Paying attention is all that's required. Art shows us how everything can be recorded for all to see. It offers instant feedback and an indispensable tool for living and celebrating existence.
Do you have to "suffer to be beautiful"? Not really, but think about it anyway. The paradox of giving up the self to find the self is always in play. And remember that youth opens doors, so take advantage of it. When I was 21, and painting in NYC, Andy Warhol's Factory was just a few blocks away. I could have walked right in, and I thought about it, but was much too shy. Those few steps might have changed everything. Perhaps it's for the best I didn't take them, but you never know. So remember, there is nothing you can have when you are old that can replace being young and having nothing.
Finally, I want to leave you with my favorite Japanese Gateway for A Happy Life. In this gateway art is the keystone at the top:
GET ENOUGH REST.
KEEP YOUR NOSE CLEAN.
MAKE ART.
EAT RIGHT.
DON'T FEEL GUILTY.
“Luck is the residue of design.”
These remarks were delivered to UW class Art 508 "Art Colloquium" at Granger Hall in Madison April 11, 2006. Course website: www.art.wisc.edu/Art508/Art508.htm
Good afternoon. The university has asked me to speak to you today on how I use aesthetics in my business and my life, because, like so many graduates, especially in the fine arts, I chose a career other than my major. When asked to title my talk many things sprang to mind: "Art and business in bed together," "Ignorance can be your ally," "Start by being laughed at, and then have the last laugh all the rest of your life," "Sculpt a business just like clay" because I really do wonder what happened to me. I still make art regularly (still feel like an art student, in fact), yet I own and operate The Soap Opera (www.thesoapopera.com) a retail store in downtown Madison selling all kinds of natural body care products which my partner and I founded in 1972.
It all started with the supernatural. I remember I was 12 years old.
I attended a birthday party where I met a fortune teller. She asked me, "Well what will it be for you, business or profession?" I was an army brat from a military family, somewhat sheltered, and I had no idea what she meant, so I reached for what sounded sophisticated and blurted out, "Profession." She laid out the cards and pronounced, "Nope. Business for you." End of reading. I filed that away.

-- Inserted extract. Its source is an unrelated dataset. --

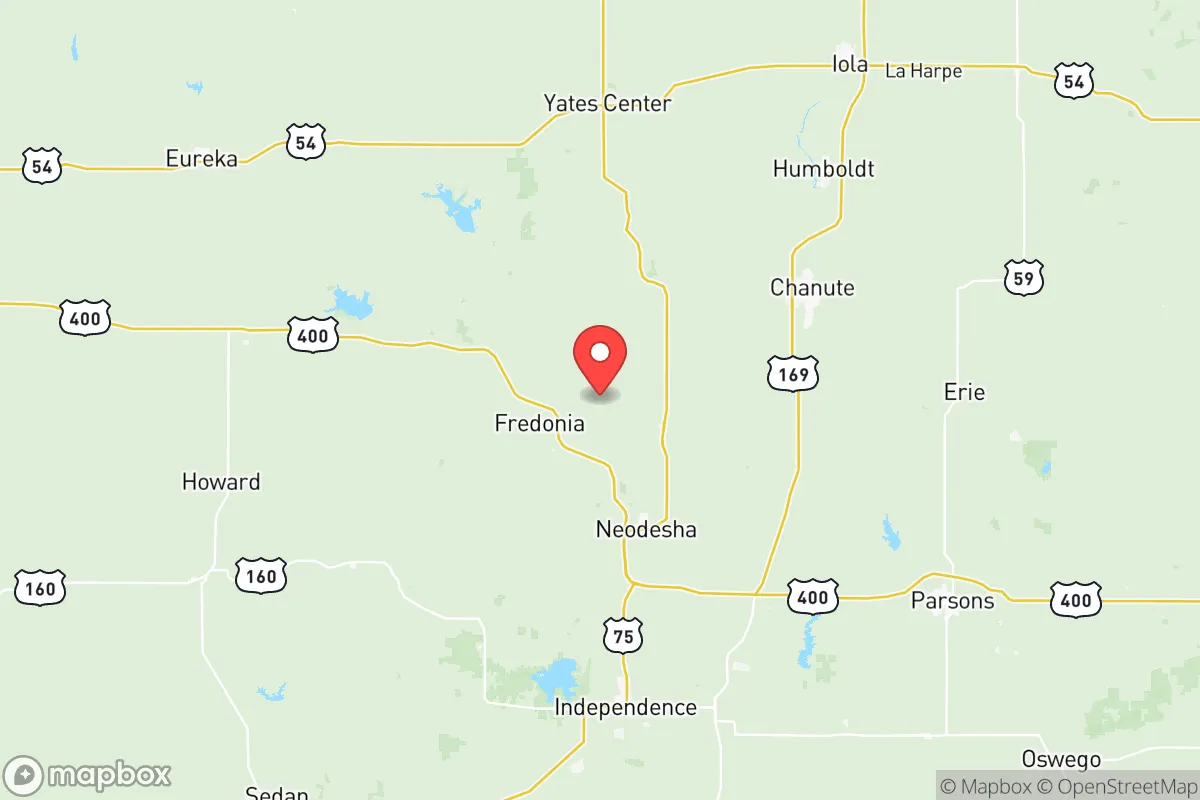 Map centered at 37.5592, -95.7434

Jumping ahead six years, on the first day of undergraduate school at Ohio Wesleyan University, Delaware, OH, as I aimlessly wandered from departmental table to departmental table wondering whether I should major in Drama or Fine Arts (the only two possibilities I considered), I heard, with great clarity, a voice in my head saying, "Choose Fine Arts."

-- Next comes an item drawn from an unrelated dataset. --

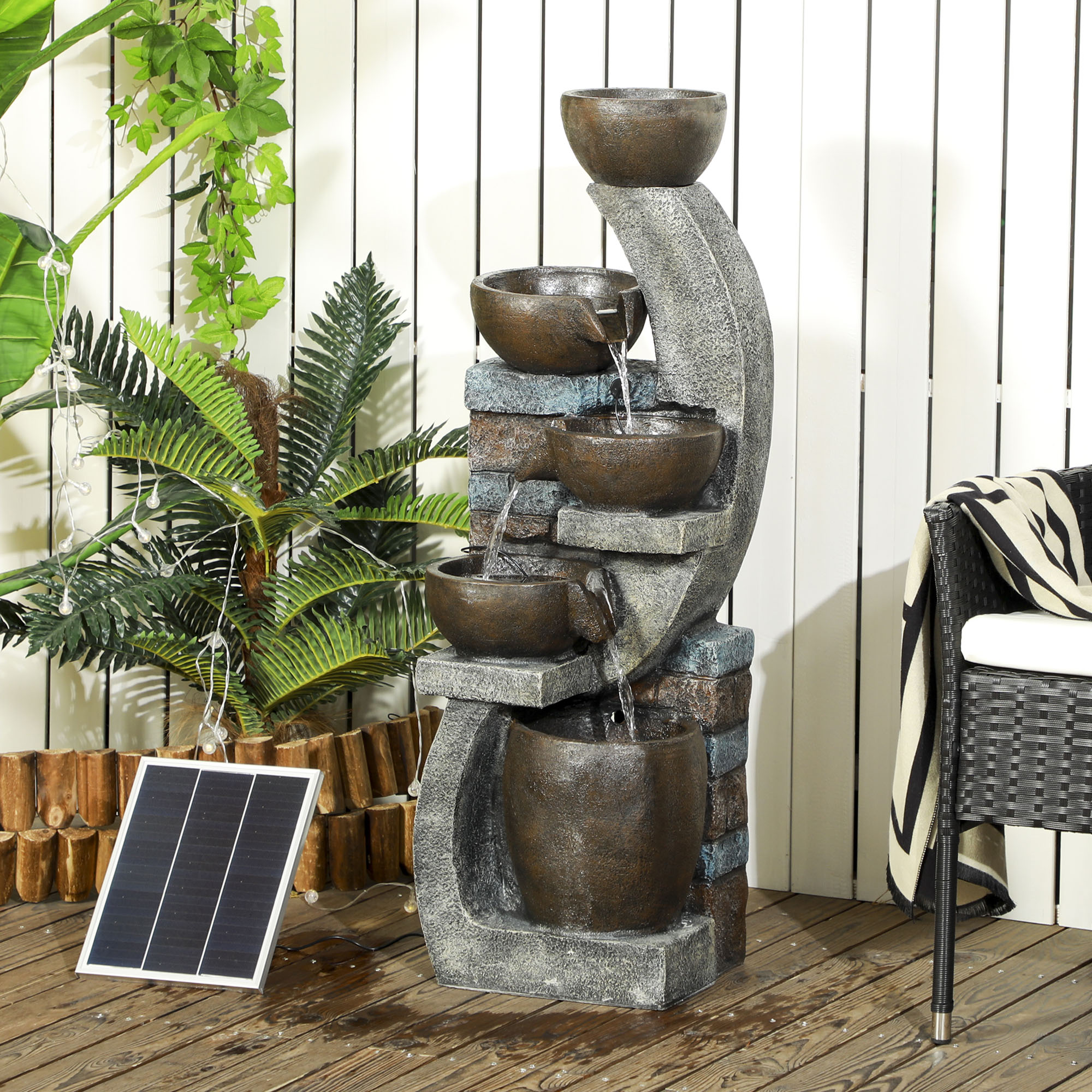 Outsunny Gartenbrunnen, Backsteinoptik, 5-stufig, Solarbetrieb, LEDs, 107cm, Kunstharz, Grau/Braun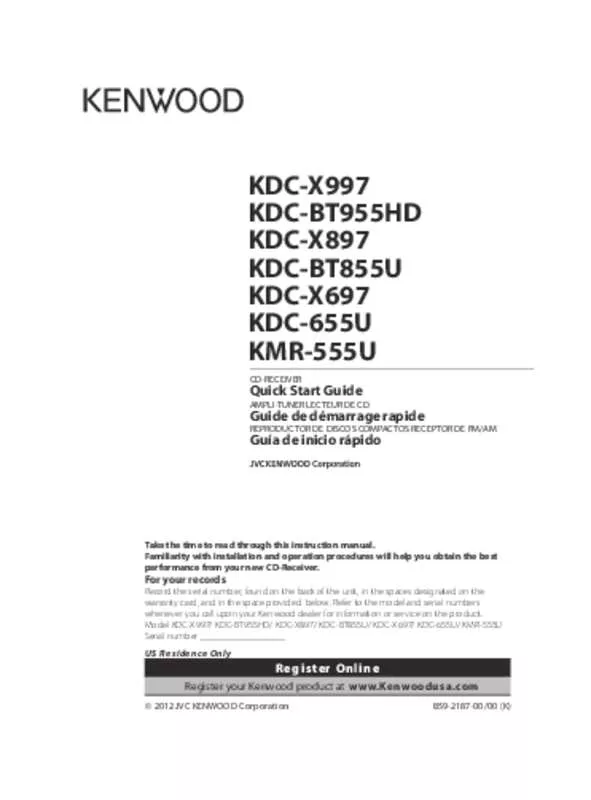 Mode d'emploi KENWOOD KDC-BT855U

Hearing voices in my head at this time in my life was not too hard to believe since I was, as so many are from time to time, in an acute state of adolescent panic, and, in fact, upon reflection, the word despair seems to fit. To begin with, I was gay and closeted in rural Ohio, and in 1965, pre-Stonewall, pre-diversity, pre-alternative lifestyles, etc. this was not a good place to be and I was, frankly, a lot more than miserable. I was scared. Fear arose from another place too. Failure in college meant certain drafting into the military, and though I had grown up in a military environment, being drafted at the time of Viet Nam, was the last thing I wanted. Somehow I had gotten the idea that college was so difficult that flunking out was easy, so I was certain I was in danger of being sent to war. Carrying this load of double panic ("all's fair in love and war"), the arts suddenly felt safe, they felt easy, separate somehow, and they felt like a place to hide out from everyone, including myself.
So I became an art major, did what I was told, kept my head down, and instantly fell in love with a whole bunch of things that have made me feel good ever since: the sheer joy of making things, the rich physicality of the tools of art making, paints, brushes, exotic chemicals and mysterious potions, and all the other paraphernalia of studio art. Imagine seeing a humble pencil create an image! Then I made the miraculous and happy discovery of art history, art talk, art's seemingly open-ended vistas, its liberation for the intellect as one seeks precision of expression and comes to grips with the visual and the verbal all at once.
Perhaps most importantly I found dedicated, gifted, heroic, and inspirational teachers, worshiped them, in fact, and since they were all practicing artists first, instructors second, I developed no other goal than to be just like them. Soon, with their help, I spent a year in New York City at the Whitney Museum of American Art, painting and exploring, and dabbling in the fast track of the art world. By this time I was making minimal art - paintings which were huge, empty, expansive, impressive, but largely lacking of feeling, and certainly devoid of any subject matter. No one was buying. Finally, I landed in Madison for my masters degree.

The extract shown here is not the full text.